We can see that, based on the basket size distribution, the majority of the customers purchased 5 to 6 products per order. Considering the low amount of orders from repeat customers, low product amount per customer can be a huge problem for the business in terms of revenue.

Top ten reordered items match exactly to the top ten items ordered in general. Additionally, most of the items on top ten purchases are in the fresh fruits aisle.

Top aisles are fresh fruits, fresh vegetables, packaged vegetables and fruit, followed by yogurt and packaged cheese.

As we figured out earlier, the highest percentage of orders and the highest basket size is Monday and Tuesday.
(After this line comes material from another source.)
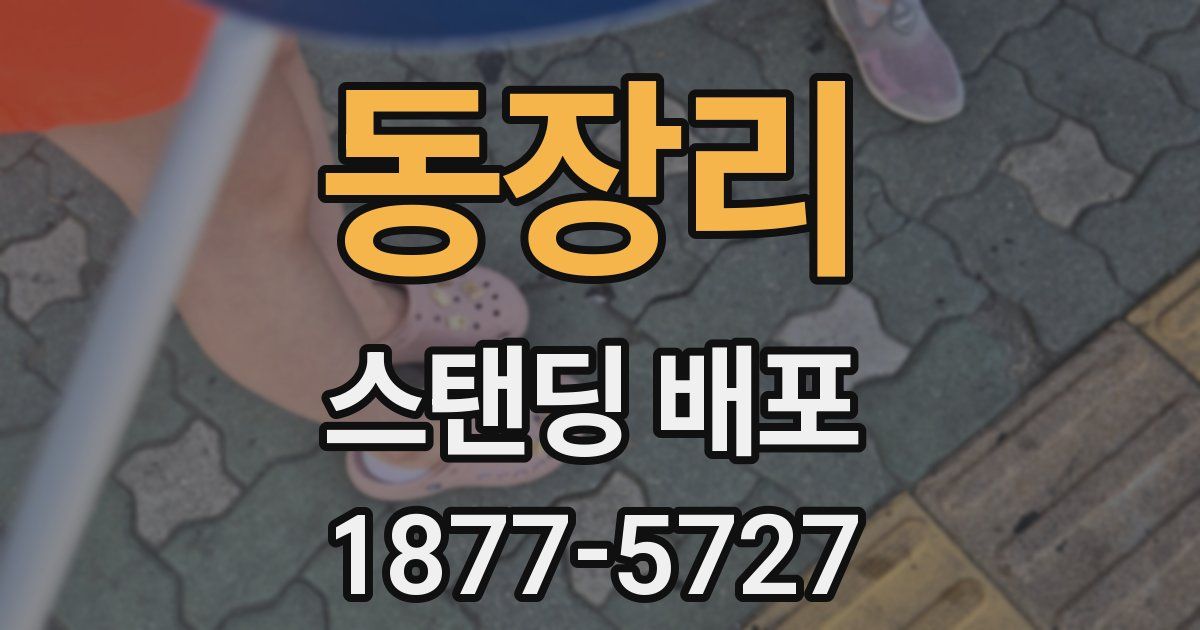 동장리 스탠딩 배포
As we found out earlier, the highest ordered products are Banana, Bag of Organic Bananas, Organic Baby Spinach and Organic Strawberries. Interesting insight here is that, out of the top 4 products, Banana has the most proportion of orders in a day for every but the other four top products do not have any contribution to the proportion of orders on Wednesday, Thursday, Friday, Saturday and Sunday. Can this be related to an item inventory issue?
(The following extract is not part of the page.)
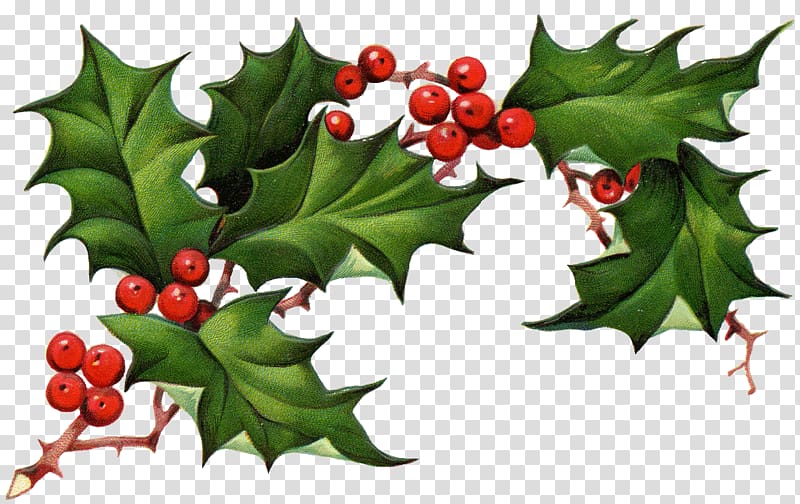Common holly Christmas tree , Corner Holly transparent background PNG clipart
The top department is produce, followed by dairy eggs and snacks. Addition to the general individual preference and needs, there might be other reasons why consumers are not purchasing from other departments. For example, if instacart has the biggest mark up for canned goods, but the user experience within the instacart website or app does not entice the consumer for canned goods, regardless of the consumer needs the order amount on canned goods will be low.
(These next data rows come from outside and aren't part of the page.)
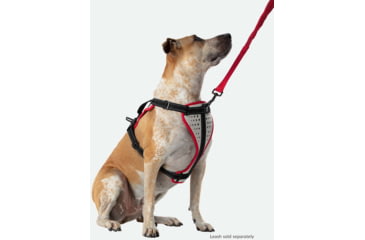 Image of Nathan Reflective Dog Harness Sm NS8500-0579-S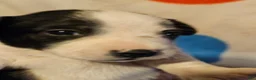 Chihuahua dogs for sale: Drew - Ad 10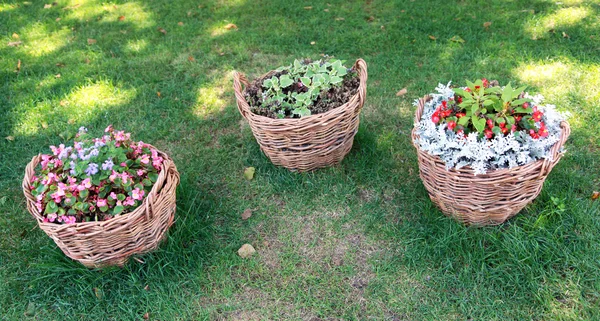 Basket flowers grass — Stock Photo, Image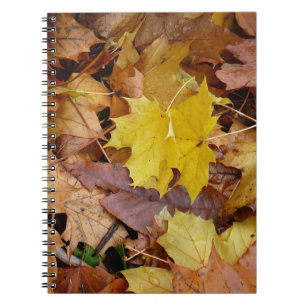 Gestorven Maple laat Yellow Autumn Natuur Notitieboek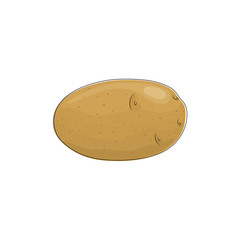 Potato Standing Isolated on White Background, Vegetables Praties, Edible Fruit, Vector Illustration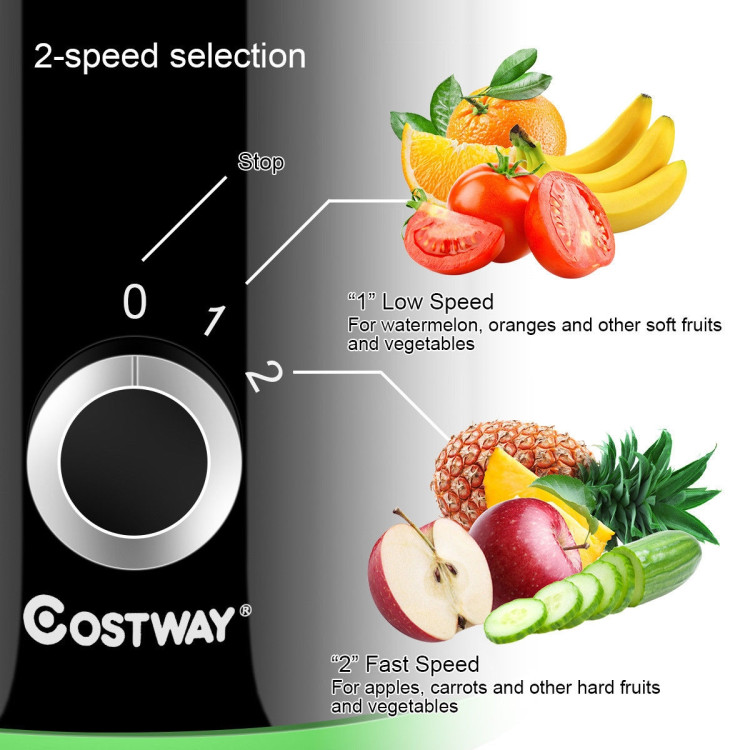 2 Speed Wide Mouth Fruit and Vegetable Centrifugal Electric JuicerCostway Gallery View 6 of 8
The datasets are quite big and have many variables that we can analyze. Similar to what we have at our earlier learning associations article, we can further look at association rules in detail between products (even though unstacking and converting the existing large dataset to a transactional data set would be challenging), investigate consumer reordering patterns in terms of days and hours, reorder ratio vs the hour of the order and so on…

Conclusion

Looking at a variety of data science processes and methodologies, you will realize almost all of them have a similar approach, which starts with business understanding, outlining a business problem statement to validate and solve. However, we might run into situations where the domain expert, brand owner, business unit or stakeholder may not necessarily know or have the time to figure out what the business problem is. In most of these cases, they are looking at the product manager to identify, formulate the business problems and provide tangible recommendations to solve them.

In our instacart analysis, we can summarize possible business problems that might have an impact on revenue are;

Frequency of customer orders is low ranging from 4–12. What actions can a business take in order the improve the frequency of customer orders?

Majority of the customers planning their purchases as weekly and monthly cycles. What actions can a business take to improve the purchases for any day of the week and month? As an example; Amazon made their entire ordering product and process very seamlessly that I personally do not extensively plan my grocery purchases. If I need a product from Amazon, I order that day.

Besides banana, top items are sold mostly on Monday and Tuesday. Can this be related to an item inventory issue from the retailers? For example; would it be possible Trader Joe’s runs out of organic strawberries by Wednesday, and instacart employee substitutes that order with a regular strawberry based on customer request?

Besides the general consumer and market needs, are there any reasons why certain department sales are lower than the others? (such as instacart website or mobile app usability issues)

Formulating and defining business problem statements is extremely important to find the right solution for business goals. In my earlier article on linear regression, I mentioned how problematic it is for some statisticians to start with data analysis without creating a problem statement, however, there are many cases where stakeholders expect data to drive and formulate these problem statements.